Interpersonal trust is a known indicator of national well-being, as it has a healthy influence on society’s development. The greater the trust among individuals, the higher the feeling of both common and individual well-being. The higher the feeling of trust towards institutions and organizations interacting with society, the greater the sense of common well-being. This has been measured across time through public opinion surveys applied by a broad number of market and opinion research agencies, implementing diverse methodologies.
Public opinion surveys, both in Latin America and globally, repeatedly monitor the population’s levels of trust towards other individuals as well as institutions. Consequently, trust scores appear to be one of the key indicators to assess of the state of development of a society.
But what elements integrate and motivate trust, according to different sources of opinions? Applying the method of opposites, the following seem to be some of the key elements that negatively affect trust:
• Coercion: interpreted as a state or institutionally-imposed obligation, or suppression of freedom of choice.
• Absence of objective information to support people’s Individual and collective decision making within the framework of their convenience.
• Dissonance between discourse and action or, put differently, between intentions and achievements.
• Absence of consultation and cooperation among individuals for the common good.
• Scarce or nonexistent awareness of the concept that what favors the common good also favors the individual, always within the context that the benefits will embrace the community, without exceptions.
• Lacking opportunities for access to knowledge, thus hindering the development of individual criteria.

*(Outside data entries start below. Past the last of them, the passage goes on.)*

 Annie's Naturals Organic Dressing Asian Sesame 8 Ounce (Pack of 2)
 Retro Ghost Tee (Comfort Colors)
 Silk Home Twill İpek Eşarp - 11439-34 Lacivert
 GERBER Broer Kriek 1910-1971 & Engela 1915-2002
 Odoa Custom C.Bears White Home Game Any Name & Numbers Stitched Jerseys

Under this context, we can construct a continuum, whereby, on one extreme are placed more functional and freer societies, i.e. those operating under a broad level of collective cooperation, in a spirit of frank and open consultation, with open access to information and with respect for diversity within unity. On the other extreme are the more dysfunctional societies, with restricted freedoms, or where anomie can potentially lead to collective violence, where dissent is criminalized in varying degrees and where access to objective information is restricted. While most societies are perceived as operating somewhere between these two extremes, most people tend to agree that it would be better for the common good to operate closer to the first option and far from the second.
Within this context, global public opinion measurements record data that tell us something about the level of interpersonal trust people across different countries. Following are findings from the World Values Survey showing countries where trusting others scores highest.
Source: World Values Survey 2016
As Latin Americans, it seems quite striking that none of our countries appear at the top of this list.
To get a better grasp on how interpersonal trust levels are performing in our region, we consulted the findings polled by the Latinobarómetro team with whom we have been working over several years. Analyzing regional findings across two decades, the average trust indicators fail to reach 20%, (see following exhibit). Stated more bluntly: the Latinobarómetro scores reveal that, historically, 8 out of 10 Latin Americans distrust their fellow citizens.
Intra-regional variations, as well as the inter-annual ones, are few and tend to respond to circumstantial issues, as was the case of Brazil and its institutional crisis of the last two years. However, there are also low levels of confidence in countries with a stable institutional tradition, as is the case for Costa Rica. Evidently, the findings show that there are cultural variables that are generally common to regional values, which influence the assessment of interpersonal as well as institutional trust within our region.
In the case of Venezuela, 2017 registers an all-time low on interpersonal trust assessment, as gathered during the conduction of this year’s Latinobarómetro wave, in the aftermath of a period of intense social upheaval.
Taking into consideration the aforementioned elements that generally influence interpersonal trust in a negative way, it seems that it will require a planned and sustained effort to raise the perception of trust among Venezuelans. For this to be possible, two things must happen first: confidence must be restored to the country’s different institutions and, in parallel, a significant reduction in both poverty and crime levels must occur. However, and as evidenced in the various investigations mentioned, Venezuela is not an isolated event, since its low levels of confidence do not show a significant difference compared to the average in Latin America.
As evidenced by the findings shown in the case of both Latin America as a whole, and Venezuela specifically, interpersonal trust not only seems to be directly proportional to institutional trust levels as well as to their perceived quality within each country, but also with some common regional cultural traits, which brings up additional questions to be answered through further Public Opinion surveys.